Some people speculate that profound “aloneness” will be the reality of hell – a torture where eternity is the reality of never again being loved. All because they turned their back and rejected the one who is “love”! That is a deeply scary thought.
We have to admit that we live in a fallen world. The truth is that many people around us are lonely and in need of connecting to a relationship where love is given and received. Recognize that connecting to a community has always been a part of God’s plan. God designed us so that “it was not good that man (or woman) should be alone.”
Let me challenge all of us as a church family. How are you doing with connecting to people called the family of God? Are you convinced that connecting deeply with others is God’s desired plan for our lives? We were never meant to live lives of isolation. Scripture after scripture speaks to this issue of having our lives connected to others.
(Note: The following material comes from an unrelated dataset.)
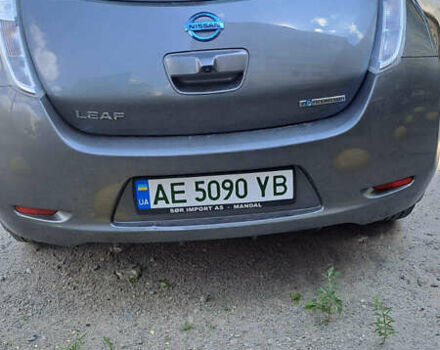 Серый Ниссан Лиф, объемом двигателя 0 л и пробегом 105 тыс. км за 8500 $, фото 18 на Automoto.ua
Here are two reasons to stop and ponder the state of your personal connections within the church family:
Connecting to community fosters love. I have used I Cor. 13 in a number of weddings – look how a portion reads. “And now these three remain: faith, hope and love. But the greatest of these is love.”
Paul held love above all else in his letter to the Corinthians. And he did the same with his letter to the Colossians: “Bear with each other and forgive one another if any of you has a grievance against someone. Forgive as the Lord forgave you. And over all these virtues put on love, which binds them all together in perfect unity.” (Colossians 3:13-14 NIV)
The deeper the relational connections, the greater outflow of love given and received. Few and shallow connections lead to little love given and little loved received. That never was God’s design.
Connecting to the body of Christ is “life giving.” Scripture reveals to us that we are better together than if we stay disconnected.
Look what is written, “In this way we are like the various parts of a human body. Each part gets its meaning from the body as a whole, not the other way around. The body we’re talking about is Christ’s body of chosen people. Each of us finds our meaning and function as a part of his body.” (Romans 12:4-5 MSG)
It can be hard for some of us to commit and connect to a community, especially if we’re guarded or have a bit of fear. But connecting to community is God’s desire for us and He invites us to be used to give life to others. Realize that deep connections are a sign of a growing relationship with Christ.
Maybe the bottom line is this – at the end of the day, when we connect and grow in our relationships with others, we’re growing in relationship with Him!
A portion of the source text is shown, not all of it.